━━━━━ Input records ━━━━━

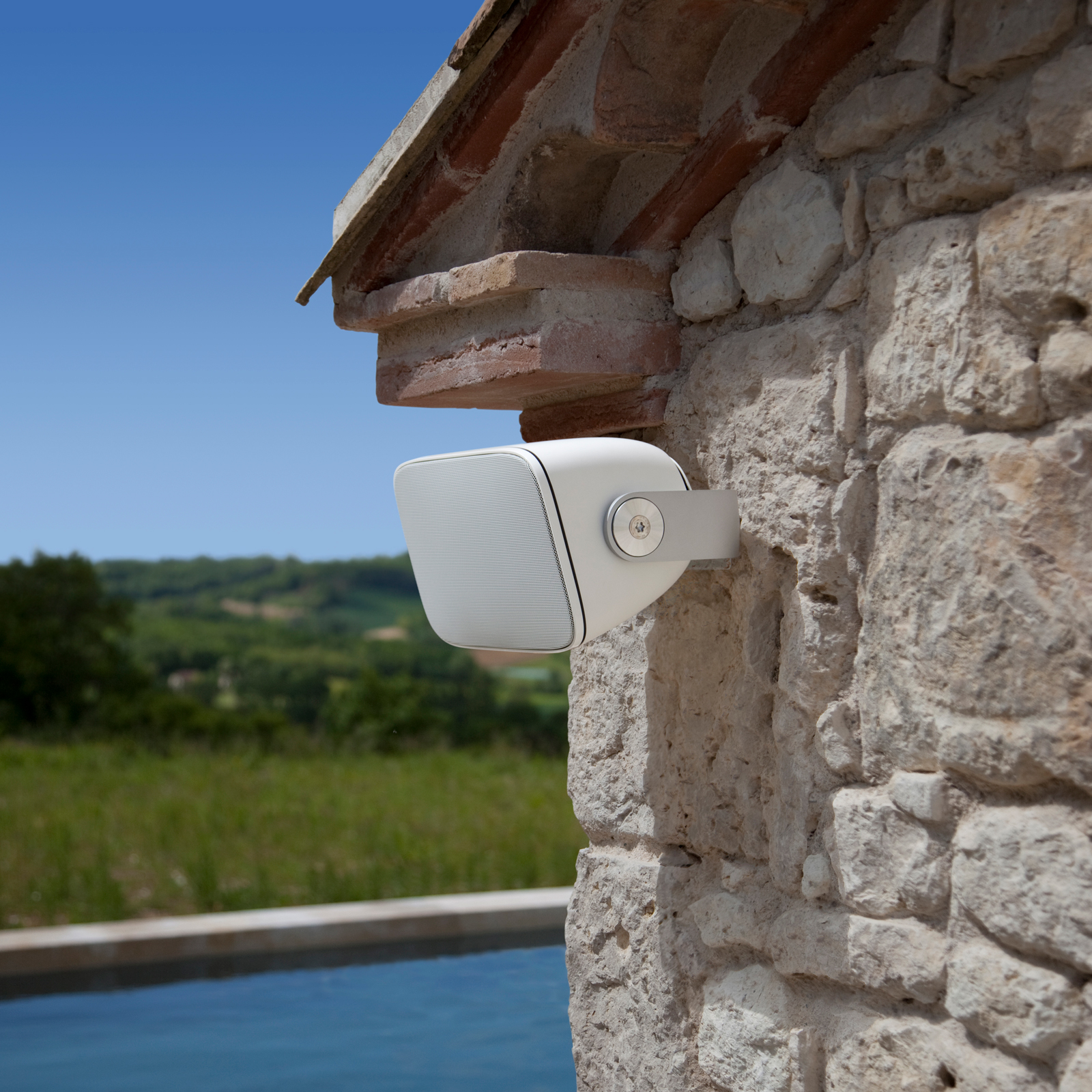 Home display of Bowers & Wilkins AM-1 Outdoor Speakers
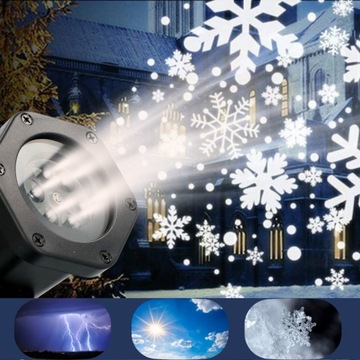 ЛАЗЕРНЫЙ проектор + рождественский светодиодный прожектор ПРОЕКТОР 12 КАРТ 6 Вт 48 УЗОРОВ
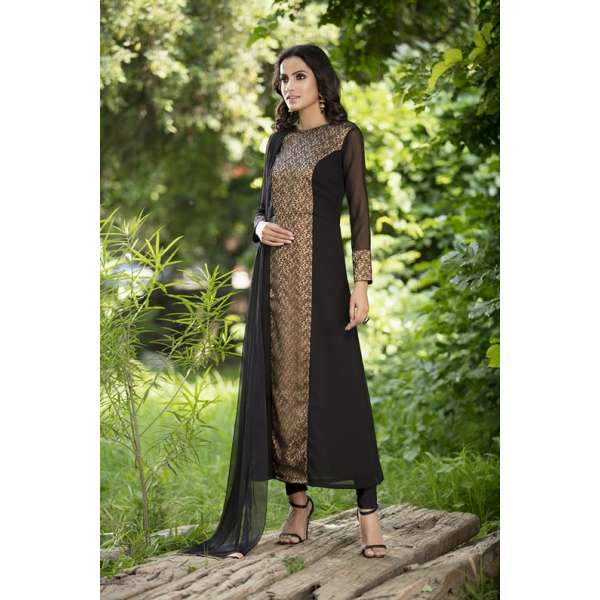 Black Anarkali Brocade Dress A Line Maxi Readymade 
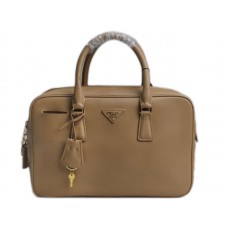 Prada Saffiano telecí kůže kabelka s horním uchem béžová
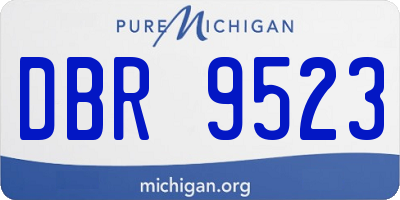 MI license plate DBR9523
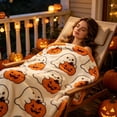 thumbnail image 4 of Halloween Faux Fur Throw Blanket with Cute Spooky Embroidery, Cozy Soft Warm Fall Throw for Couch Bedroom Living Room, Ideal Seasonal Gift Home Decorative Accent(51 x 59",Pumpkin), 4 of 6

━━━━━

> [Your objective]: Reproduce the listing above from the line that holds "Prada Saffiano telecí" through the line that holds "MI license plate DBR9523", both included, with the pictures left out.

> [Exercise output]:
 Prada Saffiano telecí kůže kabelka s horním uchem béžová
 MI license plate DBR9523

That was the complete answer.